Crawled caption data
**********

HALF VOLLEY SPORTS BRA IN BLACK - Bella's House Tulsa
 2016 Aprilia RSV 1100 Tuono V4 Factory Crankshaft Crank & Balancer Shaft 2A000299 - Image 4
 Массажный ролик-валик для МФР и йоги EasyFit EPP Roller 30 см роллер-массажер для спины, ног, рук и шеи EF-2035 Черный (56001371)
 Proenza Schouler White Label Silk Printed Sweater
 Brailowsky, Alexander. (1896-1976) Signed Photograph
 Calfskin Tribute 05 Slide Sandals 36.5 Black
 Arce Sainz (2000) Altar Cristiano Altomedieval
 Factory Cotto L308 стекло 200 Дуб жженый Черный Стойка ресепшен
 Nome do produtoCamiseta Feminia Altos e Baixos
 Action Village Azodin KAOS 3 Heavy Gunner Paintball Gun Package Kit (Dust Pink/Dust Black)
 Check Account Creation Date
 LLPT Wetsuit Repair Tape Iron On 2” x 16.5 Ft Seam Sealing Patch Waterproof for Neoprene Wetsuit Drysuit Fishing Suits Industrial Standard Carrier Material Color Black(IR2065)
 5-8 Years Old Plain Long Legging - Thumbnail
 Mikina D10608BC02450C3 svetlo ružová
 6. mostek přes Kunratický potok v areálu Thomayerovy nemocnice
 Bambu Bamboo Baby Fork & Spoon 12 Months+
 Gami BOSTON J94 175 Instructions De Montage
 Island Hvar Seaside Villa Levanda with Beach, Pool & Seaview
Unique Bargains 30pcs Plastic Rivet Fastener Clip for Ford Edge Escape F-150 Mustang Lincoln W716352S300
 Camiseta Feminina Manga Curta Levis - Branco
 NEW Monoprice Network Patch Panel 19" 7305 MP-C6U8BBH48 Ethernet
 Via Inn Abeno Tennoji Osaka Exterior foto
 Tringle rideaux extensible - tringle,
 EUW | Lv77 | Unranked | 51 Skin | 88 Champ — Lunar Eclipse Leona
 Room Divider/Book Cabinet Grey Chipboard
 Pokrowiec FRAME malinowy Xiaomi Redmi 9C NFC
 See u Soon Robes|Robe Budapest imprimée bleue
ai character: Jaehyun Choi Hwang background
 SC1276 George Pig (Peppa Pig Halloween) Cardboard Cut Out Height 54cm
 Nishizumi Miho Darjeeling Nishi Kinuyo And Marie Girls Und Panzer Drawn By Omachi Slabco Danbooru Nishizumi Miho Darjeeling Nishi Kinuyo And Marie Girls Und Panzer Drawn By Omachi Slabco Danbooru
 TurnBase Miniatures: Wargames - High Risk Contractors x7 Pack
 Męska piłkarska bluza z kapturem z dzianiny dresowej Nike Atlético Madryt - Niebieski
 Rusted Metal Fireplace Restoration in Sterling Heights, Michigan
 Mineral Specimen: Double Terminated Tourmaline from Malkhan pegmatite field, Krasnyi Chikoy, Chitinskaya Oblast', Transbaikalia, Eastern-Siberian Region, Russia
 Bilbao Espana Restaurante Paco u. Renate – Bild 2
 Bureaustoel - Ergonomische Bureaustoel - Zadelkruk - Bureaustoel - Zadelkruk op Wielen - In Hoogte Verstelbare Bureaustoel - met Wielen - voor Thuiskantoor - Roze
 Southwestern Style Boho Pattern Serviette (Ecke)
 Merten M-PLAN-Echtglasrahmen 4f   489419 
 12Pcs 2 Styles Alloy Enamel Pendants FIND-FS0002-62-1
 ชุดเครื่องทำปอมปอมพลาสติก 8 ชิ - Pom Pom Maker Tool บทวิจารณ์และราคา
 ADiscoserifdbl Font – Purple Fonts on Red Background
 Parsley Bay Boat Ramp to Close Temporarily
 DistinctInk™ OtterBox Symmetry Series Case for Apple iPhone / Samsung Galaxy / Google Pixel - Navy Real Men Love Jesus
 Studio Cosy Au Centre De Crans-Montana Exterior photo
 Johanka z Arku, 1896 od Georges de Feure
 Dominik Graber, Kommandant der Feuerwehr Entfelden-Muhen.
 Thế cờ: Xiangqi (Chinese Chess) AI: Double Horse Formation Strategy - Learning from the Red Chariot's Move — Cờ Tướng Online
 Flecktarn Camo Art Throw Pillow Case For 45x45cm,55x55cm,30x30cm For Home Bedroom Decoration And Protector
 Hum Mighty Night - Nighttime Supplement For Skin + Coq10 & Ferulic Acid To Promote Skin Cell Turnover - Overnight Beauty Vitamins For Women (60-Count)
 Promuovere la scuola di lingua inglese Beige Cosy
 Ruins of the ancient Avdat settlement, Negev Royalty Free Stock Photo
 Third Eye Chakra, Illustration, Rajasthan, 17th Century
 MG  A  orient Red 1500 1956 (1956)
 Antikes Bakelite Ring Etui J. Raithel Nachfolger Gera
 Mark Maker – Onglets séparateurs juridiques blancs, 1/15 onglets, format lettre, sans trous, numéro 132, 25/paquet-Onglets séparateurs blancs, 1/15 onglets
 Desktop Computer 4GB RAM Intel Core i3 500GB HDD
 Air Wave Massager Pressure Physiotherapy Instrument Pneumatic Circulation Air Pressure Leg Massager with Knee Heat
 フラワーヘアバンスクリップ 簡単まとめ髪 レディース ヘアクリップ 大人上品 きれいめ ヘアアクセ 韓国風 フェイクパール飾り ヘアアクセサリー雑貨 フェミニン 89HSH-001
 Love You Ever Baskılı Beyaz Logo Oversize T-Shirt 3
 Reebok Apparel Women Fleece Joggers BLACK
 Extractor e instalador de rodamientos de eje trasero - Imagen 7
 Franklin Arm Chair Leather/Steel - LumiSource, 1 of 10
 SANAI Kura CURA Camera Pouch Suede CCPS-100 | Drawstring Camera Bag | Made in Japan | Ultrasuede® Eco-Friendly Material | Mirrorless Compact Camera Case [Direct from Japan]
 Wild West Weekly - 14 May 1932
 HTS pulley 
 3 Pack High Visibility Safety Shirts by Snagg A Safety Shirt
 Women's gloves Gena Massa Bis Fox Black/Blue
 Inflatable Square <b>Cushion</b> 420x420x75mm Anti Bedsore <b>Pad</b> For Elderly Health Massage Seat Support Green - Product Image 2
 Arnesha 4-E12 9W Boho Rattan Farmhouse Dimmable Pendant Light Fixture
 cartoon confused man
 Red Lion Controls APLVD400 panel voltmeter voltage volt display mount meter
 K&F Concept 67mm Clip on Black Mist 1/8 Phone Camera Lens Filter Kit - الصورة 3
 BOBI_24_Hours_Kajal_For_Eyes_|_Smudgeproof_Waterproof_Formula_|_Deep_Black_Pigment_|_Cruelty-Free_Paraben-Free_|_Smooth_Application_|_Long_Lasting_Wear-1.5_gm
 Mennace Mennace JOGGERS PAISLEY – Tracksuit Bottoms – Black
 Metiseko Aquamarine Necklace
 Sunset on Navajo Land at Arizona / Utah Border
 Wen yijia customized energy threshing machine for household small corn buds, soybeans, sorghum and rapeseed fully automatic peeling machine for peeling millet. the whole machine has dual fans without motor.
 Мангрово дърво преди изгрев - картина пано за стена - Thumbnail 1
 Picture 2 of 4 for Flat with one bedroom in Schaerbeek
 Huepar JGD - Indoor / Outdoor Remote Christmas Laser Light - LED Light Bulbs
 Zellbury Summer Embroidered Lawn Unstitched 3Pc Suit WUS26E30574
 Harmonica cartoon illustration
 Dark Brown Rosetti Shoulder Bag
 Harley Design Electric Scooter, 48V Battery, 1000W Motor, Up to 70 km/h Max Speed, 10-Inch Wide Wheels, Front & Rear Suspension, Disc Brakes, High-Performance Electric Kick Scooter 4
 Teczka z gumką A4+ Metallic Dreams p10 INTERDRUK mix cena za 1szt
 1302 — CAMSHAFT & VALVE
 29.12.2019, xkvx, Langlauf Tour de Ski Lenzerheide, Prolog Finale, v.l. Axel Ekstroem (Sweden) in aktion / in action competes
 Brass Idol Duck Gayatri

**********

From the entries above, print the lines beginning at the one with "Gami BOSTON J94 175 Instructions De Montage" and stopping after the one with "Męska piłkarska bluza", exactly as written and with nothing else.

 Gami BOSTON J94 175 Instructions De Montage
 Island Hvar Seaside Villa Levanda with Beach, Pool & Seaview
Unique Bargains 30pcs Plastic Rivet Fastener Clip for Ford Edge Escape F-150 Mustang Lincoln W716352S300
 Camiseta Feminina Manga Curta Levis - Branco
 NEW Monoprice Network Patch Panel 19" 7305 MP-C6U8BBH48 Ethernet
 Via Inn Abeno Tennoji Osaka Exterior foto
 Tringle rideaux extensible - tringle,
 EUW | Lv77 | Unranked | 51 Skin | 88 Champ — Lunar Eclipse Leona
 Room Divider/Book Cabinet Grey Chipboard
 Pokrowiec FRAME malinowy Xiaomi Redmi 9C NFC
 See u Soon Robes|Robe Budapest imprimée bleue
ai character: Jaehyun Choi Hwang background
 SC1276 George Pig (Peppa Pig Halloween) Cardboard Cut Out Height 54cm
 Nishizumi Miho Darjeeling Nishi Kinuyo And Marie Girls Und Panzer Drawn By Omachi Slabco Danbooru Nishizumi Miho Darjeeling Nishi Kinuyo And Marie Girls Und Panzer Drawn By Omachi Slabco Danbooru
 TurnBase Miniatures: Wargames - High Risk Contractors x7 Pack
 Męska piłkarska bluza z kapturem z dzianiny dresowej Nike Atlético Madryt - Niebieski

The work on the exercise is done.